動かすたびに、筋肉の代わりに何か柔らかな線維が伸縮する。
音も、匂いも、熱も――すべてが“直接”体に伝わってくる。
まるで世界と境界を持たないような感覚。
これが、俺の“体”なんだ。
上体を起こすと、背中のあたりで何かがきしむ音がした。
骨のような突起が、光を反射している。
それは棘のようでもあり、背骨の延長のようでもあった。
長い尻尾がベッドの上を滑る。
指を開いて、握る。
もう一度、開く。
関節が動くたびに、薄く発光する血管のような線が光を走る。
奇妙だ――でも、不思議と“怖い”とは思わなかった。
(これが……俺の形か。)
かつて“人”として生きた記憶を持つ俺が、今は“人に似た異形”として存在している。
だが不思議と嫌悪はなかった。
むしろ、ようやく“生まれた”気がした。
体を動かすたび、筋の奥で“生命の音”が響く。
胸のコアが、それに呼応するように明滅する。
まるで、心臓が喜んでいるみたいだった。
……ありがとう
声はない。
けれど、確かにその言葉を心の中で呟いた。
動けること。
存在を感じられること。
“世界の中にいる”という事実が、こんなにも幸福だったなんて。
窓の外、朝の光が差し込む。
俺は手を伸ばした。
朝の光を掴もうとするように。
動く腕。光るコア。
そのすべてが、俺にこう告げている。
「お前は生きている」
この世界に、確かに“俺”という存在がある。
そう思った瞬間、
胸の奥で、光がひときわ強く輝いた。
ドアが開く音。
扉の奥にいたのは、いつも俺の世話をしてくれる若い女性の職員だった。
彼女の視線がこちらに向けられ――止まる。
そして、次の瞬間、表情が凍りついた。
「……うそ、でしょ」
彼女は息を呑み、手に持っていた洗濯かごを床に落とした。
その音に驚いたのは、俺のほうだった。
恐れられる。そう思った。
また拒絶されるのか。
心臓――いや、コアが一瞬だけ早く脈打つ。
だが、彼女は逃げなかった。
震える手で口元を覆いながらも、ゆっくりと俺の方へ歩み寄る。
そして、確かめるように呟いた。
「……あなた、動けるようになったの?」
俺は頷いた。
この動作も、ようやくできるようになった “表現”だった。
「どうして……? どうやって?」
彼女は呆然としながらも、言葉を繋いだ。
どう説明すればいいのか。
言葉を発せない俺は、両手を使って“自分を指差し”、それから胸のあたりを押さえる。
そして、両手のひらを外に広げた。
――『自分の意志で』。
――『変化した』。
そう伝えたつもりだった。
彼女はしばらく黙っていたが、やがて震える唇で小さく笑った。
「……すごいわね。
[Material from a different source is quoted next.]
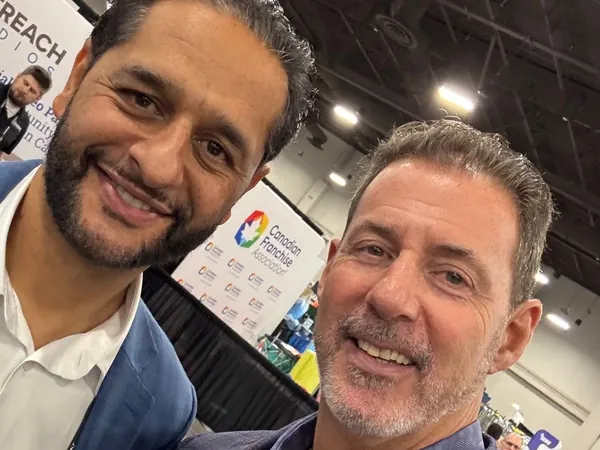 Rob Lancit and a man in a close selfie on an expo floor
あなた、本当に……それがあなたの個性なのかしら。
目があうから生きてるのはわかってたけど、こうやって動いてるのを見れるのは嬉しいわ。」
その言葉に、胸の奥がじんわりと温かくなった。
“生きている”――
そう言ってもらえたのは、生まれて初めてだった。
しばらくして、他の職員たちも集まってきた。
皆が俺を囲み、口々に驚きと困惑を口にする。
誰もが信じられないという顔をしていた。
俺はもう一度、自分の胸を叩き、首を縦に振る。
“意識がある”ことを示すように。
「ねえ、言葉、わかるの?」
「私たちの言ってること、理解できてるの?」
その問いかけに、俺は静かに頷いた。
職員たちは一斉に息を呑んだ。
それは恐怖ではなく――驚嘆。
「まだ一才なのに……」
彼らの視線が交錯する。
その中に、ほんの少しだけ“希望”が混じっていた。
俺は、ふと気づく。
彼らの服――布の質感、温もり。
それを身につけている人間たちは、俺よりもはるかに“普通”に見えた。
そして、自分が裸なのを思い出した、恥ずかしさを覚えた俺は彼らの服を指差した。
指で“ちょうだい”という仕草をしてみせる。
最初は意味が通じなかったが、何度か繰り返すうちに彼らは理解した。
「服が欲しいの?」
頷くと、再びざわめきが起きた。
「すごい……ちゃんと伝わる」
「意思の疎通ができてる……」
そして、彼らの一人が小さな服を持ってきた。
袖を通すと、不思議と安心した。
生まれて初めて“人の衣”を身につけた瞬間だった。
胸の奥の光が、かすかに脈を打つ。
まるで喜びを伝えるように。
その光を見た職員の一人が、小さく呟いた。
「……まるで、心臓みたいね」
俺は、コアに手を当てて頷く。
――そう、これは俺の心臓だ。
言葉がなくても、伝わることがある。
その日の午前。
俺は自分の足で子供たちの前へ出た。
部屋に入ると、小さな歓声があがる。
「動いてる!」
「すげぇ、歩いてる!」
驚きと興奮の入り混じった声が響く。
俺は少し照れながらも、右手を軽く上げて“こんにちは”と真似るように振った。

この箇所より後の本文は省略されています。